Democratic senators who have spoken to House leadership say they're optimistic the House will pass the Senate provisions.

The pressure had been on the Senate this summer first to avert and then turn back the July 1 rate hike, particularly after the failures of two Democratic efforts—both backed by President Obama—to temporarily freeze the 3.4 percent rate. Meanwhile, a long-term deal came out of negotiations among a bipartisan group of senators, including Joe Manchin, D-W.Va.; Angus King, I-Maine; Lamar Alexander, R-Tenn.; Richard Burr, R-N.C.; and Tom Coburn, R-Okla.

Harkin led other Democratic senators in initially balking at the deal, which originally lacked a rate cap on individual loans. After several meetings on student loans convened by Majority Whip Dick Durbin, D-Ill., including one at the White House with Obama present, Harkin threw his support behind a compromise that included a front-end cap.

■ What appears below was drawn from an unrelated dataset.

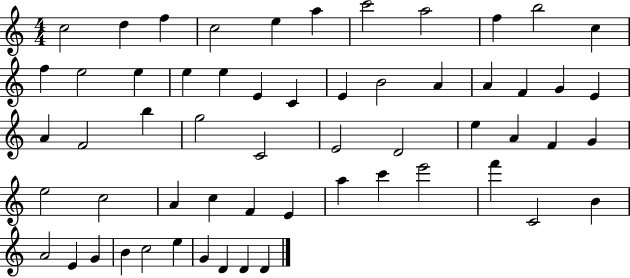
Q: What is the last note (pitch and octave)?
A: D4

But support by the likes of Harkin, Durbin, and Obama failed to sway a number of 16 Democrats who voted against the deal. Opponents of the bill have said interest rates could rise above 6.8 percent if the Treasury note increases, as it's expected to, and that the deal makes money off students. The Congressional Budget Office estimated the deal would reduce the deficit by $715 million, which supporters of the agreement say amounts to a rounding error.


"I know it's not easy for a lot in here," Manchin said on the Senate floor Tuesday. "At the end of the day, I really believe we can walk away knowing we were able to do better today than nothing at all."

At least four Democratic amendments were initially floated, but in the end only two amendments, including one by Sen. Bernie Sanders, I-Vt., that would provide a two-year sunset to the bill, were offered.

Sanders called the deal a "disaster," saying from the Senate floor that "this bill makes a bad situation worse, not better." Other Democrats, including Sens. Patrick Leahy of Vermont, Ron Wyden of Oregon, Sheldon Whitehouse of Rhode Island, and Kirsten Gillibrand of New York, cosponsored Sanders's proposal, underscoring liberal apprehension about the agreement.

Even though the final deal only affects loans taken out since July 1, the rate hike prompted widespread interest given the number of Americans with student-loan debt. Nearly one in five American households have student-loan debt, according to the Pew Research Center, and aggregate student-loan debt approaches $1 trillion, according to the Federal Reserve Bank of New York, making it second only to mortgages in the amount of consumer-held debt. Harkin has said he will address the overall issue of college affordability this year when his committee takes up reauthorization of the Higher Education Act.

Under the Senate-passed measure, federal student-loan interest rates would equal the rate on the 10-year Treasury note at the time the loan was taken out, with an additional percentage on top: 2.05 percent will be added to the rates of undergraduate Stafford student loans, with a 8.25 percent cap; 3.6 percent will be added to graduate loans, with a 9.5 percent cap; and 4.6 percent would be added to PLUS loans, with a 10.5 percent cap.

This article appears in the July 25, 2013 edition of NJ Daily.